Life’s lessons are learned through the game of golf
The story of my golf game originates in a tradition dating back 429 years, thanks to the legacy of Pope Gregory XIII. Yes, midnight on December 31, the annual, big to-do when we ring in the New Year, is responsible for why I started golfing.
Traditionally, we observe January 1 as the new year because some church-y guy said so, and no one was adverse to a good party to temporarily relieve the freezing cold, post-holiday doldrums.
That’s form, though. In function, routine has most of us observing the new year in the Popsicle-melting days of August. Times Square may not be atwitter and nobody’s poppin’ bottles, but after decades of new teachers, classes, school supplies, and curriculum, August becomes, if not the traditional, the true New Year.
Even after we’re free of educational institutions, graduation parties and back-to-school promotions act as recess bells, recalling the routine. Like the old guy down the street who knows “a storm’s coming” when his knees ache, our bones feel the new year as natural as each night’s sleep or going on the rag. Come August, whether enrolled in a higher learning system or not, our brains know what our cancerous, sunburned skins and shriveled, cirrhosed livers have forgotten: it’s time to get our ass in gear for a new year.

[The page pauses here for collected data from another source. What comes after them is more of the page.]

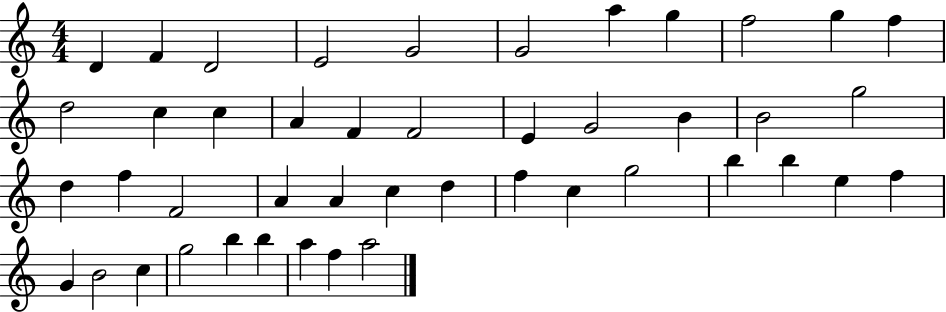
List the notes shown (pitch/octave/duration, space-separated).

D4/q F4/q D4/h E4/h G4/h G4/h A5/q G5/q F5/h G5/q F5/q D5/h C5/q C5/q A4/q F4/q F4/h E4/q G4/h B4/q B4/h G5/h D5/q F5/q F4/h A4/q A4/q C5/q D5/q F5/q C5/q G5/h B5/q B5/q E5/q F5/q G4/q B4/h C5/q G5/h B5/q B5/q A5/q F5/q A5/h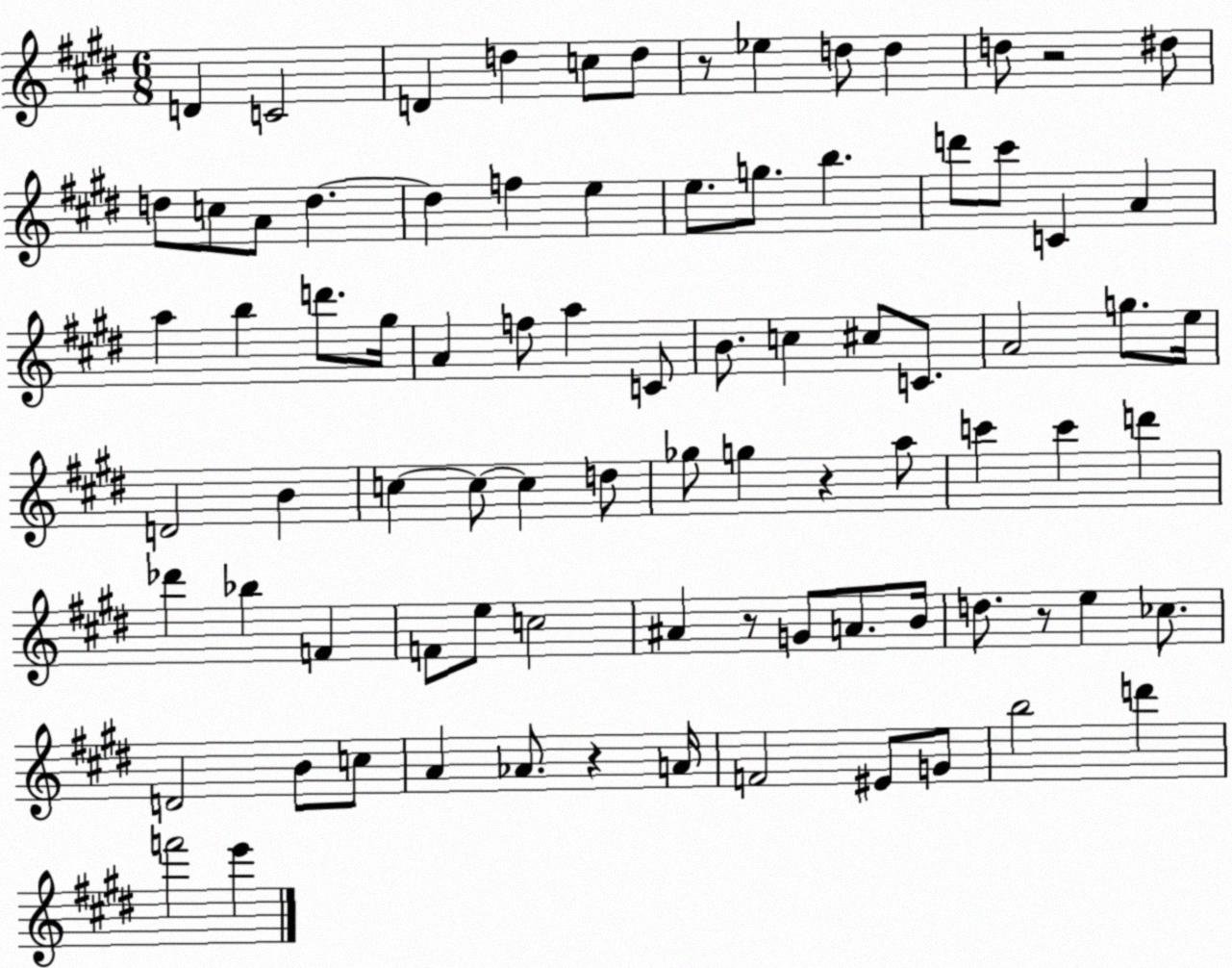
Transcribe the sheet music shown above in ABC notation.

X:1
T:Untitled
M:6/8
L:1/4
K:E
D C2 D d c/2 d/2 z/2 _e d/2 d d/2 z2 ^d/2 d/2 c/2 A/2 d d f e e/2 g/2 b d'/2 ^c'/2 C A a b d'/2 ^g/4 A f/2 a C/2 B/2 c ^c/2 C/2 A2 g/2 e/4 D2 B c c/2 c d/2 _g/2 g z a/2 c' c' d' _d' _b F F/2 e/2 c2 ^A z/2 G/2 A/2 B/4 d/2 z/2 e _c/2 D2 B/2 c/2 A _A/2 z A/4 F2 ^E/2 G/2 b2 d' f'2 e'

And so it was, yearning for the annual challenges and edification of years’ past, searching for a mind-opening experience, I purchased a set of deeply discounted women’s LaJolla golf clubs. And, I’m sorry — did I say mind-opening? I meant soul-crushing.
I chose golf, and not something practical like, let’s say, a bike-maintenance class, because many of my friends play the game, and I’m not what would be deemed “athletic.” I knew it was a bit hoity-toity and expensive, but logic persisted that if my average friends played the game with any amount of success, I, too, had a decent chance of performing well. After all, just hit the ball into a hole — easy. There’s not even an opponent!
But like a three-legged zebra lapping water at the watering hole, I was mauled my first day on the course. Like a giant lioness who hadn’t eaten in weeks, golf ambushed me, ripping limb from torso and dragging me home half-dead.
Everything I thought would be natural (swinging the club, directing the ball) was counter-intuitive; everything I thought would be easy (putting, even teeing up the godforsaken ball) was difficult. And if I thought the play was complicated, the etiquette was quantum physics (how the hell are you supposed to maneuver the green without stepping in anyone’s line when everyone’s ball is within four feet of the hole?!).
Golf’s most heinous offense, I find, isn’t its difficulty but its sneakiness. This is not marathon-running or bike-riding where you seek to accomplish a thing, learn said thing, and then do said thing. This is golf! Where you observe, understand, and execute several very-well hit drives only to step up to the tee, take a magnificent swing, and watch the ball soar gracefully up into the air … and then come down into the windshield of a car — parked behind you in the parking lot. No other sport is so derisive as to make you think you’ve accomplished a technique only to throw it back in your face like a cup of acid. Golf is the only sport that yields so much shame from so little action. It kicks you when you’re already down, bleeding, and crying.
Since I’m fairly positive that “teaching by shaming” isn’t one of the Board of Education’s methods for success, I might better satiate my need for learning this year by setting down my clubs and instead cranking up the a/c, cracking open a calculus book, and throwing back a flute of champagne.
But instead, I’ll continue to sweat through my shorts, exhausted and near-death on only the 9th hole because golf is the great equalizer. Golf renders every novice a fool. And in that there’s something to be learned.